→ **WHAT THE TASK REQUIRES**
Somewhere below, one line contains "很实惠的宝贝,实用,好用,棒棒的!给妈妈做的拔罐! 很实" and a later line contains "白癜风照308恢复过程图". Output those two lines and everything between them exactly, and nothing else.
━━━━
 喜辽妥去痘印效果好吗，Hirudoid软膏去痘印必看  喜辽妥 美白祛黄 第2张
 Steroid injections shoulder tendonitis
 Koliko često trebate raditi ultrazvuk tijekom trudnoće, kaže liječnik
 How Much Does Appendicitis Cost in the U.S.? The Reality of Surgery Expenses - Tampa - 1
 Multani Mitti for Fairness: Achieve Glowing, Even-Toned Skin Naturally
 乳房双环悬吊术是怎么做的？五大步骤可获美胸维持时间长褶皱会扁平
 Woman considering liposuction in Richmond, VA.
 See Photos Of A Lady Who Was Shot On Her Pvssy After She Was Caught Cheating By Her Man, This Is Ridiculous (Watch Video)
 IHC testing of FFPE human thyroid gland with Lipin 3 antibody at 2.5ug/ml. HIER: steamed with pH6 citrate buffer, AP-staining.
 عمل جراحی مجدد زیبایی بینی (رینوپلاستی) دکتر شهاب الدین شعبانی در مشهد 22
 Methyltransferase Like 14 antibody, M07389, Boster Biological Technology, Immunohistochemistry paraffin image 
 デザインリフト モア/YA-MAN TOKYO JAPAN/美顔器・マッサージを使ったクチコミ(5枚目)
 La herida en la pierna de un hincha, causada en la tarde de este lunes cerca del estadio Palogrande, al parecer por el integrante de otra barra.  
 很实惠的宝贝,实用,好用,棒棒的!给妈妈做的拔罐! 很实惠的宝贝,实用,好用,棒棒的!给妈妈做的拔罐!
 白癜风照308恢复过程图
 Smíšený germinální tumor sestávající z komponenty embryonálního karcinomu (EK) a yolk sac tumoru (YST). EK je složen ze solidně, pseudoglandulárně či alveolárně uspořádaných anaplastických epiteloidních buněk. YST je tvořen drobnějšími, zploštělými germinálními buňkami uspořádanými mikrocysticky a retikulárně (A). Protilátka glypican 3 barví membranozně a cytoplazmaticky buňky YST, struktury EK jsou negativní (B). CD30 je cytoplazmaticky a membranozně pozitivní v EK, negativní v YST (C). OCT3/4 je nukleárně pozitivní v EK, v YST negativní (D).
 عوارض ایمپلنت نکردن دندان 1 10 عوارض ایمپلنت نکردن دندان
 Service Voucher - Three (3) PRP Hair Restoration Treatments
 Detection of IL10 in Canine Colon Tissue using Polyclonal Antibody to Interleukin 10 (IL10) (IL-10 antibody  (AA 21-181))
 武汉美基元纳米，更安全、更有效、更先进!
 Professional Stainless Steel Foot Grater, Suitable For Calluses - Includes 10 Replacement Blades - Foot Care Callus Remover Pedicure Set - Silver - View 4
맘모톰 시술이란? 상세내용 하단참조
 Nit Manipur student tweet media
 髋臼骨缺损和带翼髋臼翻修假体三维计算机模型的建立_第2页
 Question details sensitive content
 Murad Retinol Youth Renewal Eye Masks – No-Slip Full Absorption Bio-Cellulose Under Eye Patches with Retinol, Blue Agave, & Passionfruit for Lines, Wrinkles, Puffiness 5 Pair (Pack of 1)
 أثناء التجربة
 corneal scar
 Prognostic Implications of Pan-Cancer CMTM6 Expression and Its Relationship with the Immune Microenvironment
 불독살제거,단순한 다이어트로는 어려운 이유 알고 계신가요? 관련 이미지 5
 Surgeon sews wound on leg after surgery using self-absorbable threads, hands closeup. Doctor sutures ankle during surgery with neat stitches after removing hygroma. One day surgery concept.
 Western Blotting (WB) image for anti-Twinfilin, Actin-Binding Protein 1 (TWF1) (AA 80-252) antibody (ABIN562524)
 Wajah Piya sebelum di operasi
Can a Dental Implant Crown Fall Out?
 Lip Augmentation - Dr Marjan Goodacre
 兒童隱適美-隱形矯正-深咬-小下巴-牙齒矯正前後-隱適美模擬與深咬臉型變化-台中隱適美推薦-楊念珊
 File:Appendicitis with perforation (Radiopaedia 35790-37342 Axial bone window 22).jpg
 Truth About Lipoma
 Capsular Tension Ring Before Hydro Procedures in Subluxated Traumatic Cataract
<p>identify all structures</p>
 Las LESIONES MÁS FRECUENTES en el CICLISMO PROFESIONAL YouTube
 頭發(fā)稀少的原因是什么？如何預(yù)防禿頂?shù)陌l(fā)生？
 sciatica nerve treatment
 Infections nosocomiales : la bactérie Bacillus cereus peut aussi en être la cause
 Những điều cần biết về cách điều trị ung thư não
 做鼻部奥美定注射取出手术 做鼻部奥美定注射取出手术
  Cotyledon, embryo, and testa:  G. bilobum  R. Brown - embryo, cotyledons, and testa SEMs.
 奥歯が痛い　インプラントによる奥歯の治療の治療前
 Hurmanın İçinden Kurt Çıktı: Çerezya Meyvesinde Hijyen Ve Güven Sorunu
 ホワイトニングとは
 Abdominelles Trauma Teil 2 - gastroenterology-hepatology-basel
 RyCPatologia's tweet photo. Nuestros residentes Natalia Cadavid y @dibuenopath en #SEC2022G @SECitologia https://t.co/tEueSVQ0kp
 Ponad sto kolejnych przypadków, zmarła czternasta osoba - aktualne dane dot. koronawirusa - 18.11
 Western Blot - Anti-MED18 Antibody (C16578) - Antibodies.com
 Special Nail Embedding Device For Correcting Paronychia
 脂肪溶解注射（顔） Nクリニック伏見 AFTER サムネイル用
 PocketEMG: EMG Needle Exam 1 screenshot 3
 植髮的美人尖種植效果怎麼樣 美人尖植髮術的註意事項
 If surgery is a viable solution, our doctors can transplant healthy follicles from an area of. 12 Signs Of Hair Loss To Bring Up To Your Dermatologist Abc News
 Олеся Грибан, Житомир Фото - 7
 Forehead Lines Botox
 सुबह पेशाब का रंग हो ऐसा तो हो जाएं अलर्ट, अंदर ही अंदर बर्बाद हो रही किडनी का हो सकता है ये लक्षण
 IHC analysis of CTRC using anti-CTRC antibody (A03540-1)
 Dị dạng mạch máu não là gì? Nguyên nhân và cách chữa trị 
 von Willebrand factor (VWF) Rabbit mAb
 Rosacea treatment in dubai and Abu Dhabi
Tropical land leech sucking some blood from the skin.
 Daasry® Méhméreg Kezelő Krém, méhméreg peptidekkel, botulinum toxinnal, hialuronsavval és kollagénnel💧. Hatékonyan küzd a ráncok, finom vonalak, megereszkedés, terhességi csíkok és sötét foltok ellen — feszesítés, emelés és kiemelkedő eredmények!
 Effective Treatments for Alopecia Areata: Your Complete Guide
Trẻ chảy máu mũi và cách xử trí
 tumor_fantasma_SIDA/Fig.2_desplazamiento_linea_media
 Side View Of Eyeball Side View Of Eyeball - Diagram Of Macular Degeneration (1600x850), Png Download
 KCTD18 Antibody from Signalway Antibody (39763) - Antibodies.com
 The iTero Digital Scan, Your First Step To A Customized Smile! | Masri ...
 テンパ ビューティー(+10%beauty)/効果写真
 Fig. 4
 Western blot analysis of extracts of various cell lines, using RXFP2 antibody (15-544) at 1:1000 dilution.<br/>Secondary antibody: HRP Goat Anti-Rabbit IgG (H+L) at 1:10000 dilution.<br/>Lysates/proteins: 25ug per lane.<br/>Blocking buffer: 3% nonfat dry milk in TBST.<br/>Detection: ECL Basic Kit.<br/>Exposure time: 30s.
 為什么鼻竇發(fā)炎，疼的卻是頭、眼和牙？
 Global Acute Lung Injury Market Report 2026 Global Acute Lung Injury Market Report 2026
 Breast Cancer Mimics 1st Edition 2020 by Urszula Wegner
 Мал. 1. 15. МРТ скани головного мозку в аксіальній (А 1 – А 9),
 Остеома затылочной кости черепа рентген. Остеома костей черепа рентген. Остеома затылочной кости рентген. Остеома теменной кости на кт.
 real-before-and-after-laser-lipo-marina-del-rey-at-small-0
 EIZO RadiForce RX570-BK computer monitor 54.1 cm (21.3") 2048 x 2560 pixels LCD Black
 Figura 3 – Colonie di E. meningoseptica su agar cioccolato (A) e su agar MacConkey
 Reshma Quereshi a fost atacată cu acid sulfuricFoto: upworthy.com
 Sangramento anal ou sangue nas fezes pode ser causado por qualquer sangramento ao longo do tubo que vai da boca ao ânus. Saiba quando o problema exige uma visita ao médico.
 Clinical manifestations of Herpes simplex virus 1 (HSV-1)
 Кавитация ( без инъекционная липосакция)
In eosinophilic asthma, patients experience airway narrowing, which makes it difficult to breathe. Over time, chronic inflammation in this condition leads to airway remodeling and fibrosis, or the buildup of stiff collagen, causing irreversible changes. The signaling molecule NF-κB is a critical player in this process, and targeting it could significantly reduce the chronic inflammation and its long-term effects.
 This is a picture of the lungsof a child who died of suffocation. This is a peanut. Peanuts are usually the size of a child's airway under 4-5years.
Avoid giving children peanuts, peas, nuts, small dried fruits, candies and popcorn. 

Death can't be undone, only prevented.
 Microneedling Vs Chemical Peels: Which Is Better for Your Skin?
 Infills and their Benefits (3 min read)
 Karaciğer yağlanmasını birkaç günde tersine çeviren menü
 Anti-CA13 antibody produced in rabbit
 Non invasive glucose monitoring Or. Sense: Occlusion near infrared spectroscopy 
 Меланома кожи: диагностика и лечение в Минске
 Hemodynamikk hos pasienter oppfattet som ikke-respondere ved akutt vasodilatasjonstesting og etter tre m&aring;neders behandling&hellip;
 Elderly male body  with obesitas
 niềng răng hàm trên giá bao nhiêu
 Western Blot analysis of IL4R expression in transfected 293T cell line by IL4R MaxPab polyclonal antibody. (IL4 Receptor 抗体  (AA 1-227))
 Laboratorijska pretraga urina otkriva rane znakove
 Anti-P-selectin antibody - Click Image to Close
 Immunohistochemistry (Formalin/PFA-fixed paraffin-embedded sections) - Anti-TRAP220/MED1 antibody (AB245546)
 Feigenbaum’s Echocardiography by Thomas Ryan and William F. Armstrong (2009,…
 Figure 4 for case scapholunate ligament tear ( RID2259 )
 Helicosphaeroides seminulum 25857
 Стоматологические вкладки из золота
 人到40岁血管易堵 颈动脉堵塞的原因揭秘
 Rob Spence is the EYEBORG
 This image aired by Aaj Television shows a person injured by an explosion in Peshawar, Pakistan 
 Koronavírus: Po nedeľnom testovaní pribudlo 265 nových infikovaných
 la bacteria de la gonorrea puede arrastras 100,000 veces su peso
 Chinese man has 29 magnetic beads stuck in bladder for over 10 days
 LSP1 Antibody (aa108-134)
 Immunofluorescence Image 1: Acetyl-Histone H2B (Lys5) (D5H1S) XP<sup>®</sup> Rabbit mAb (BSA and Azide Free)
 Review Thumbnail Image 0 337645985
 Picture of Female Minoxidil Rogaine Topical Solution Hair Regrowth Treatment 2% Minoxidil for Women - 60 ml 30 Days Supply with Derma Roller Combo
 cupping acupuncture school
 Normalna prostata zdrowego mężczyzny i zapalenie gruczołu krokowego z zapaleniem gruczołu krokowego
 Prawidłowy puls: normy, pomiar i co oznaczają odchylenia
━━━━
→ **YOUR RESPONSE**
 很实惠的宝贝,实用,好用,棒棒的!给妈妈做的拔罐! 很实惠的宝贝,实用,好用,棒棒的!给妈妈做的拔罐!
 白癜风照308恢复过程图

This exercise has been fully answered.